Task goal: Copy all the lines of the listing below exactly. Skip the images.

Source data Start Marker

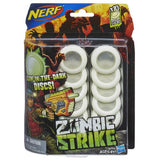 Nerf Zombie Glow In The Dark Discs (10-Pack)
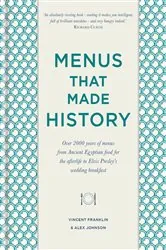 Book cover of Menus that Made History by N/A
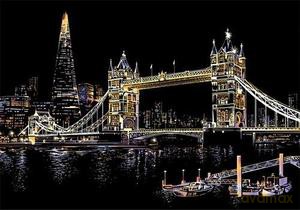 Magiczna Zdrapka Tower Bridge (45 x 29 cm)
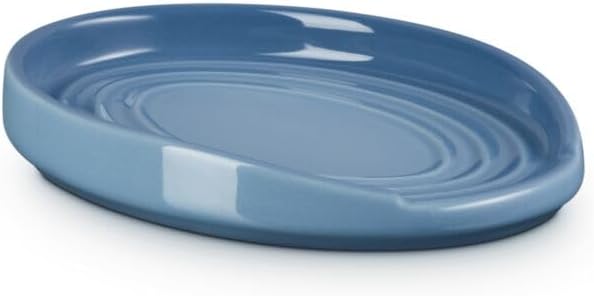 Le Creuset ovale Löffelablage aus Steinzeug, Chambray, 71507154340099, Chambray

Source data End Marker

Answer for the task:
 Nerf Zombie Glow In The Dark Discs (10-Pack)
 Book cover of Menus that Made History by N/A
 Magiczna Zdrapka Tower Bridge (45 x 29 cm)
 Le Creuset ovale Löffelablage aus Steinzeug, Chambray, 71507154340099, Chambray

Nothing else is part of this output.